Créditos: Divulgação
22-08-2025 às 11h00
Marcelo Barros*
No início do século XX, o geógrafo britânico Halford Mackinder definiu que a chave do poder global estava no controle da Eurásia, o “coração do mundo”. Mais de um século depois, especialistas como Frank A. Rose, ex-funcionário do Departamento de Estado dos EUA, afirmam que o novo “pivô da história” não é mais um território, mas sim um conjunto de tecnologias que moldarão o século XXI: inteligência artificial, computação quântica, semicondutores, biotecnologia e redes globais de informação.
Essa mudança de paradigma, contudo, não elimina o peso da geografia nem as incertezas radicais da história — temas centrais em dois livros fundamentais para compreender o mundo atual: “Prisioneiros da Geografia” (Tim Marshall) e “A Lógica do Cisne Negro” (Nassim Nicholas Taleb).
Geografia ainda importa – a visão de Tim Marshall
Em “Prisioneiros da Geografia”, o jornalista britânico mostra como fatores físicos — montanhas, rios, desertos e mares — continuam moldando fronteiras, alianças e conflitos.
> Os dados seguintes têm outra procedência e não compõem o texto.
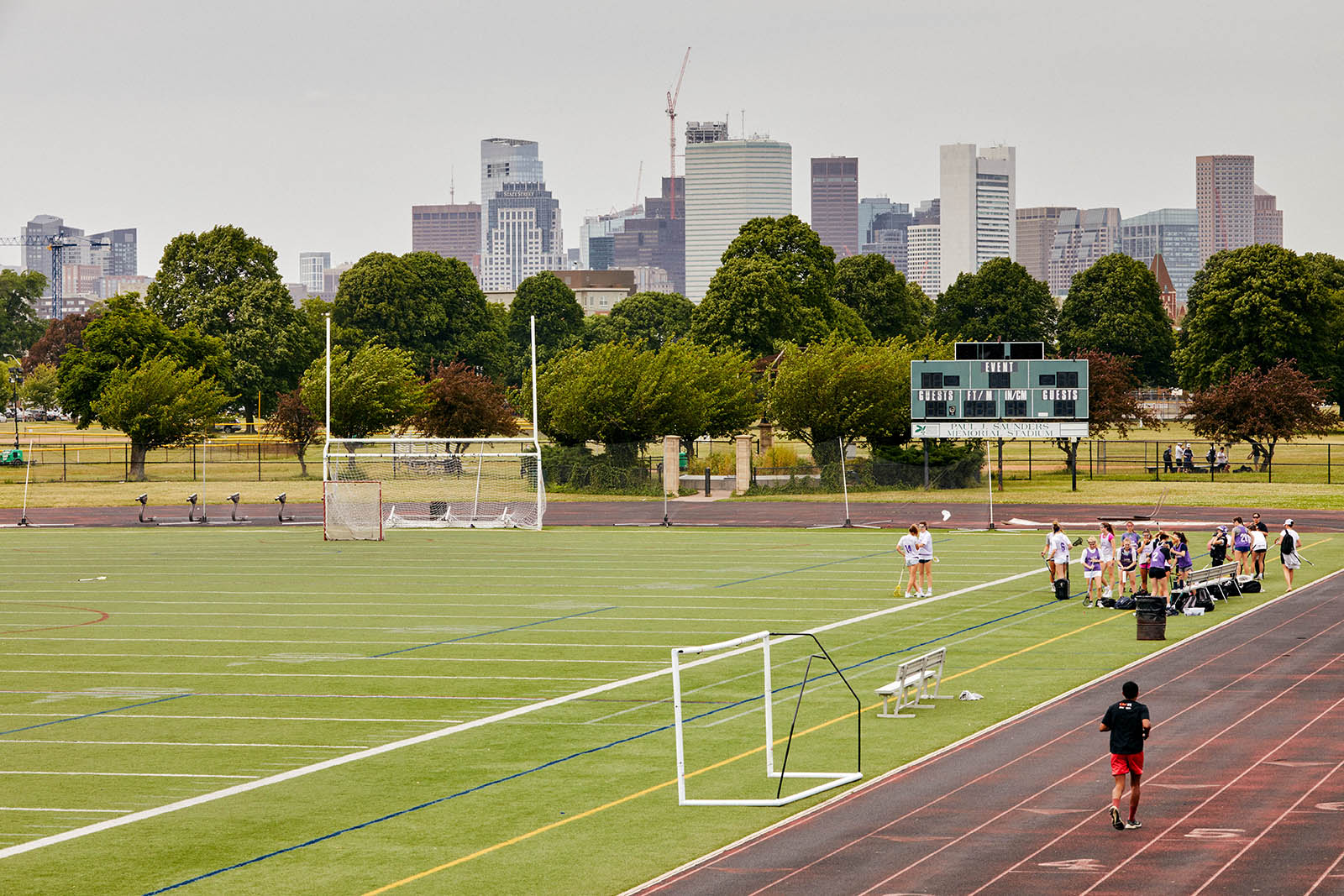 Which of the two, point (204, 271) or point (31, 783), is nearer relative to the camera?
point (31, 783)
Rússia, China e Estados Unidos, por exemplo, não podem ser compreendidos sem considerar seus espaços vitais e barreiras naturais.
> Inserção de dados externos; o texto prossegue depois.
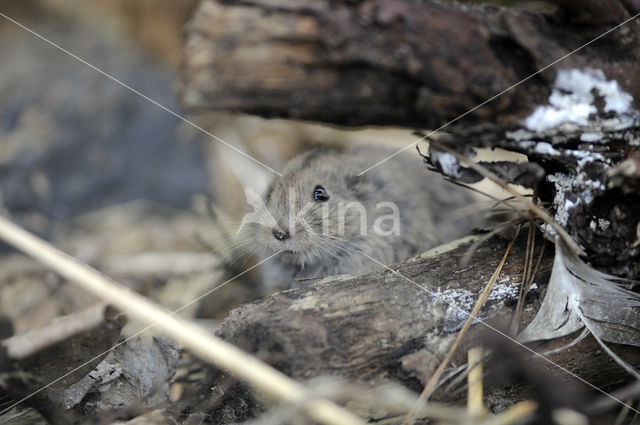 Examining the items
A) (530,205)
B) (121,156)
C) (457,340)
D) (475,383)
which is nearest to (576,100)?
(530,205)

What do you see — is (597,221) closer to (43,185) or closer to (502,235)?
(502,235)

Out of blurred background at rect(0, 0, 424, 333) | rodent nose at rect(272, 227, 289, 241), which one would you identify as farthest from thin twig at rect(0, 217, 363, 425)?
blurred background at rect(0, 0, 424, 333)

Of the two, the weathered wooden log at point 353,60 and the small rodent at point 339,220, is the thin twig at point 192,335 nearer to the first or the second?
the weathered wooden log at point 353,60

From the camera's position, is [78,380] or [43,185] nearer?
[78,380]

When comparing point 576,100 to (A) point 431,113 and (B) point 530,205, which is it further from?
(A) point 431,113

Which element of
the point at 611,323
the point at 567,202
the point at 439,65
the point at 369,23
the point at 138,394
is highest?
the point at 369,23

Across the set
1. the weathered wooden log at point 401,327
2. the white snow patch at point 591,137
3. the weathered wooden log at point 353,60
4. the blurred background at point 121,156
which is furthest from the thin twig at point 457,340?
the blurred background at point 121,156

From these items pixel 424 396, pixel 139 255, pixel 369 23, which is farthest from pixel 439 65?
pixel 139 255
Ao cruzar Marshall com Rose, surge um ponto interessante: a tecnologia não substitui a geografia, mas a reinterpreta. Satélites, drones, cabos submarinos e redes 5G ampliam o alcance do poder, mas sua infraestrutura continua ancorada em locais estratégicos. Quem controla o território, controla também a rede que nele se apoia.
Incertezas e rupturas – a lição de Nassim Taleb
Se a geografia impõe limites e a tecnologia redefine possibilidades, as incertezas inesperadas são a terceira variável da equação. Em “A Lógica do Cisne Negro”, Taleb mostra como eventos improváveis e imprevisíveis — guerras relâmpago, pandemias, colapsos financeiros ou revoluções tecnológicas — podem transformar o mundo em questão de dias.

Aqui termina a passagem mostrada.